SOURCE DATA:
==============================
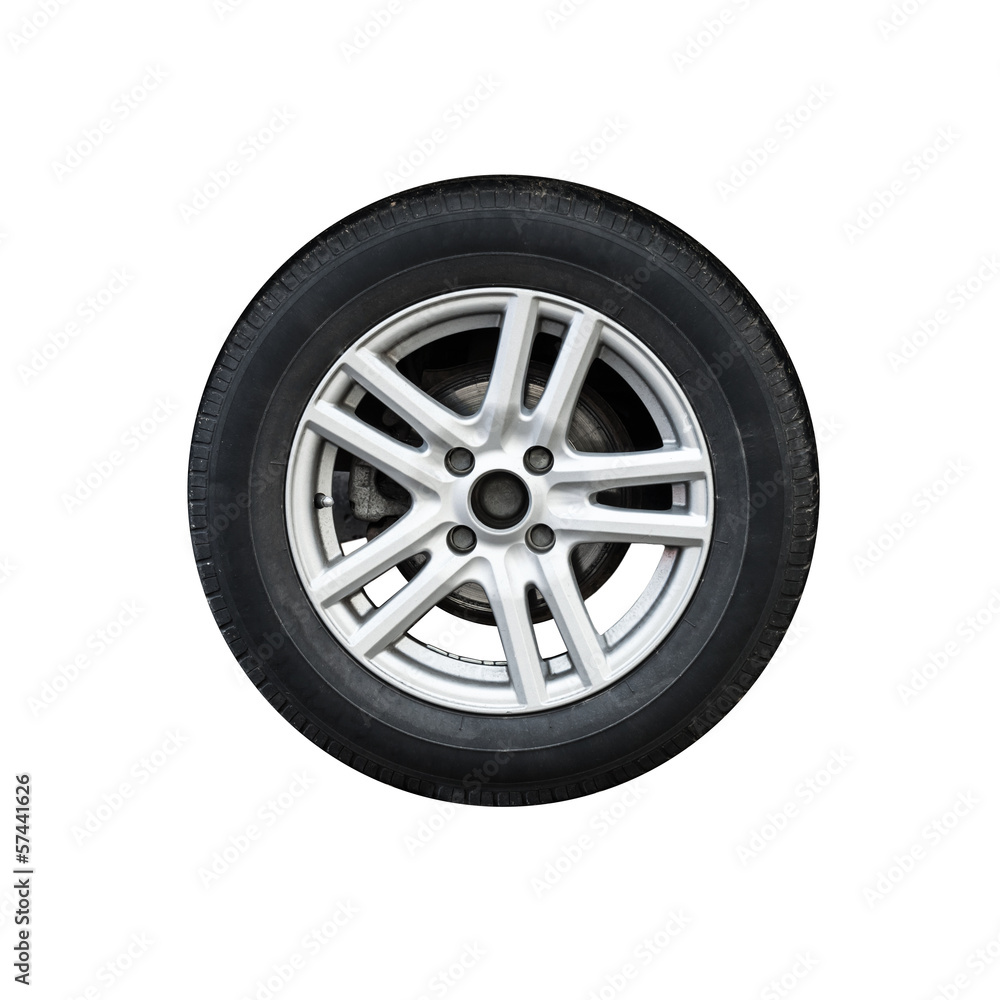Photo of usual automotive wheel isolated on white Photo of usual automotive wheel isolated on white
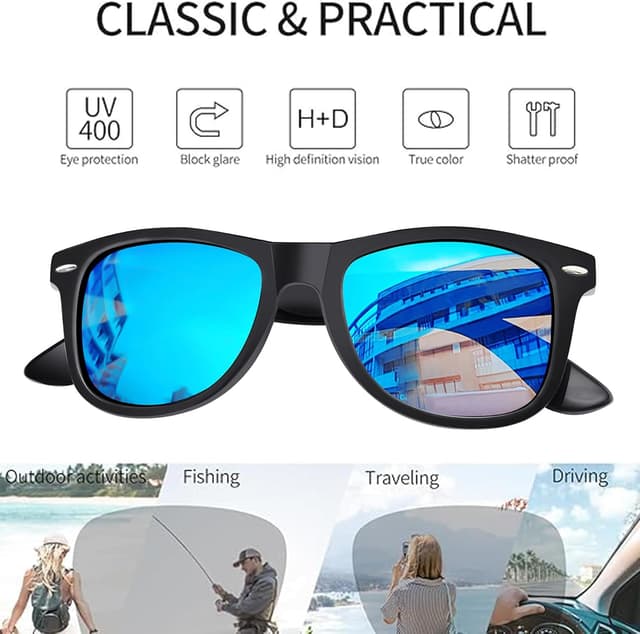 Detalle 2 de Joopin Occhiali da Sole Polarizzati Unisex 80s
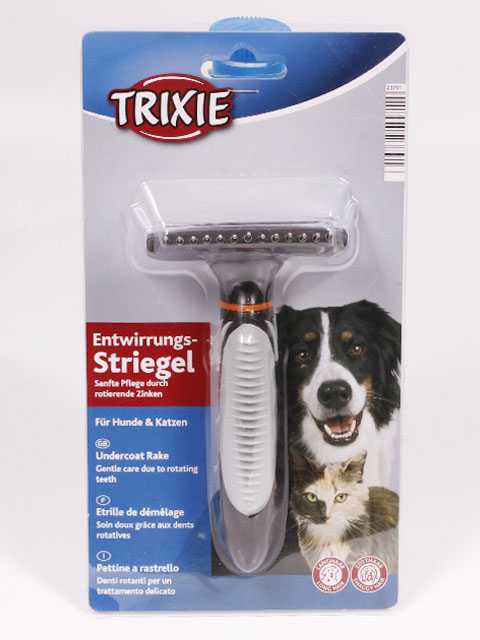 Trixie (Трикси) - Расческа-грабли с крутящимся длинным зубом, пластиковая ручка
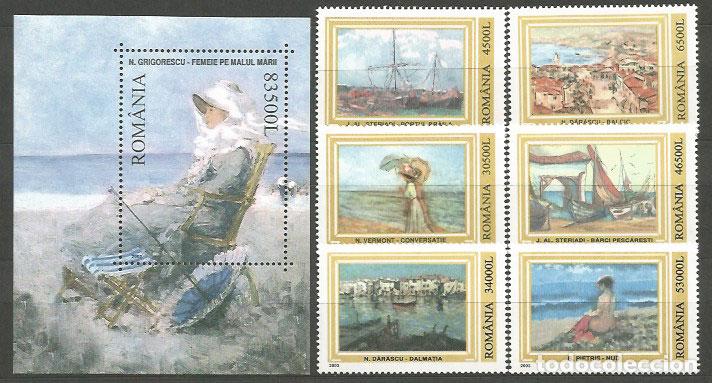 Sellos: Rumania - Correo 2003 Yvert 4784/9+H,266 ** Mnh Pinturas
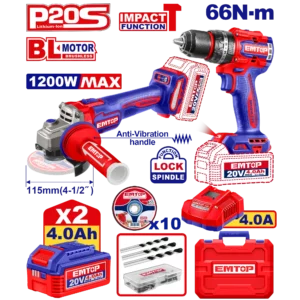 Kit Perceuse+Meule 115 2B4Ah +Ac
==============================
Keep the pictures out and transcribe the listing exactly.

Photo of usual automotive wheel isolated on white Photo of usual automotive wheel isolated on white
 Detalle 2 de Joopin Occhiali da Sole Polarizzati Unisex 80s
 Trixie (Трикси) - Расческа-грабли с крутящимся длинным зубом, пластиковая ручка
 Sellos: Rumania - Correo 2003 Yvert 4784/9+H,266 ** Mnh Pinturas
 Kit Perceuse+Meule 115 2B4Ah +Ac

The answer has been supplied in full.